Manuel Fritz: Data Management in Semiconductor Manufacturing Equipment: Current State and Challenges

Abstract:
Semiconductor industry is a key-enabler for technological advancements such as AI and Industry 4.0 by providing ever shrinking transistor sizes, more storage and more computing power for less energy and less costs. The production of semiconductor manufacturing equipment relies on machines which achieve high yield and high output, thus relying on ultra-precise manufacturing processes. In this talk, we look at how a lithography system is produced and unveil the interdependency with data management and analytics. We present data management as an enabler for automated, robust, high-end manufacturing processes, and show how data analytics can support the overarching company goals on a technical and organizational level to achieve competitive benefits, such as increased product output, reduced costs, improved processes, and even longer product lifespan.

CV:
Dr. Manuel Fritz works at the Process Data Systems Engineering Group at Zeiss Semiconductor Manufacturing Technology and is a Product Owner for Data Analytics.
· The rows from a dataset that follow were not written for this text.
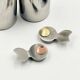 Service huile et vinaigre inox design italien Stella Metallurgica Lux année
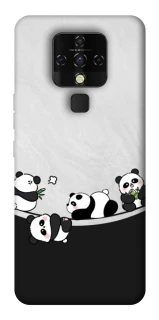 Чехол на TECNO Camon 16 SE Four pandas фото 1 из 1
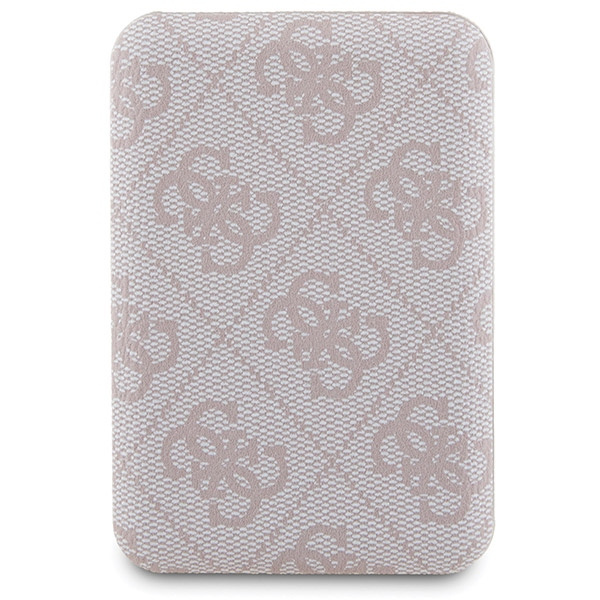 Guess GUBPM5P15L4GEMGP Apple iPhone 15 Pro hardcase + Powerbank 5000mAh MagSafe 4G Metal Logo pink
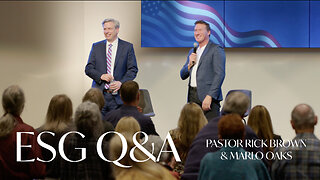 ESG Q&A with Pastor Rick Brown and Marlo Oaks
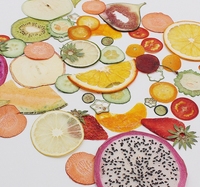 Echt Fruit Groente Plakjes Diy Kits Flatback Geperste Bloemen Fruit Specimen Epoxy Valentin 'S Day Kerst Easter Nieuwjaar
He studied Computer Science at the Baden-Wuerttemberg Cooperative State University (B.Sc.) and at the University of Furtwangen (M.Sc.). He holds a PhD from the University of Stuttgart in Computer Science and is currently pursuing an MBA at Quantic School of Business and Technology. His research area focuses on Data Analytics, Big Data, Meta Learning, and AutoML.
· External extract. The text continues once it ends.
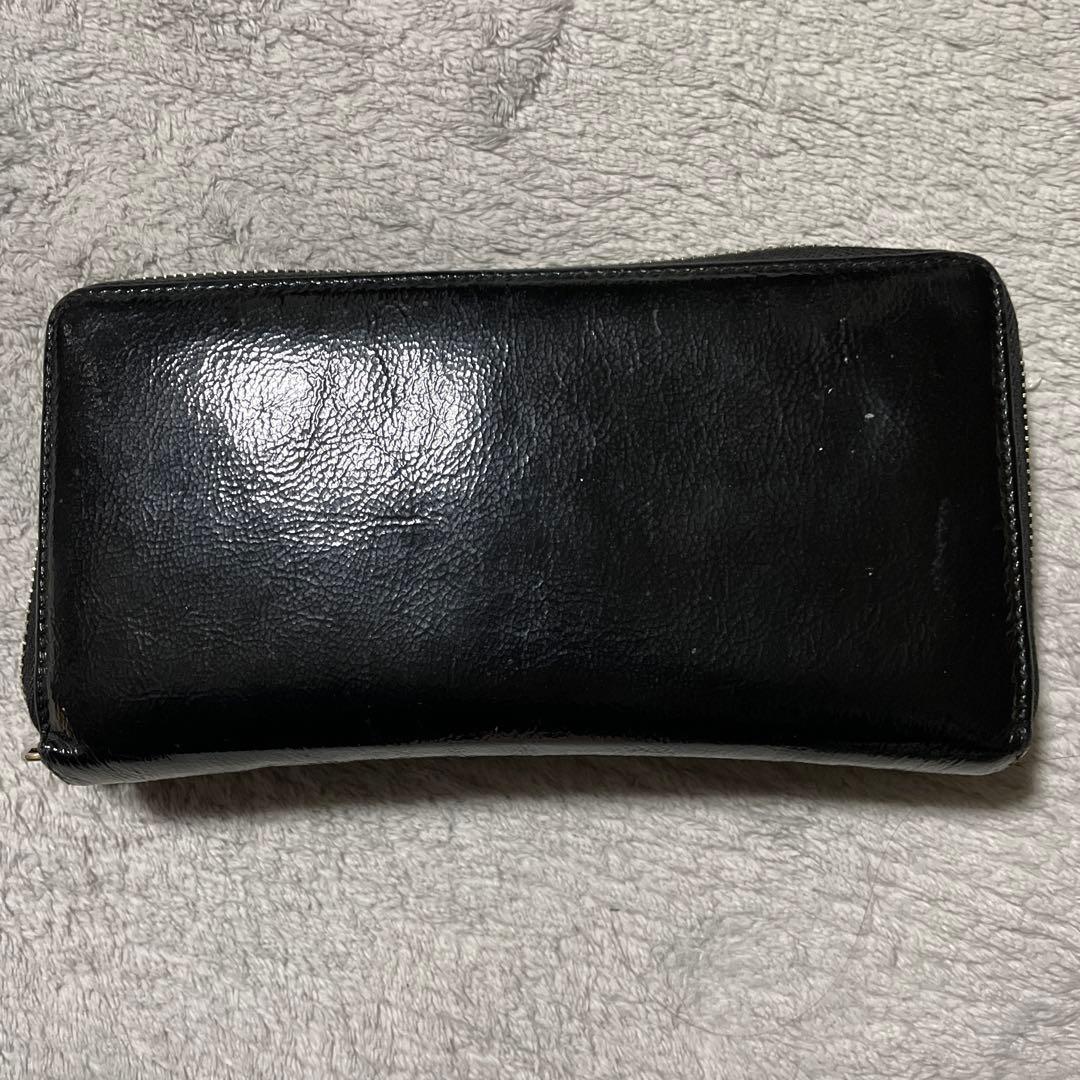 イヴサンローラン 長財布 エナメル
Jan Schneider: Lakehouses: Transferring Database Concepts to Data Lakes

Abstract:
In times of digital transformation, enterprises need to store, organize and analyze huge amounts of data in order to exploit it for competitive advantages. Analytical data platforms form the technical foundation for these tasks and in the past, especially two types of them have attracted greater popularity: While data warehouses have traditionally been used by business analysts for reporting and OLAP, data lakes emerged as an alternative concept that also supports advanced analytics, such as data mining and machine learning. Since both types of data platforms show rather contrary characteristics and target different types of analytics, enterprises usually have to employ both of them, which leads to complex and costly architectures. Due to these issues, efforts have currently become apparent to combine the features of data warehouses and data lakes into integrated data platforms, so-called lakehouses, which can serve all types of analytical workloads. The vision of lakehouses raises the need for enhancing data lakes for established features of data warehouses, such as relational data structures, ACID transactions, concurrency control and time travel capabilities. However, this proves to be challenging, because data lakes, which commonly consist of distributed file systems and cloud object storages, tend to fundamentally differ from typical database environments and POSIX-compatible file systems. This presentation provides an overview on the goals of lakehouses, the current state of research, and in particular discusses the challenges that arise when attempting to implement common database features on top of data lakes.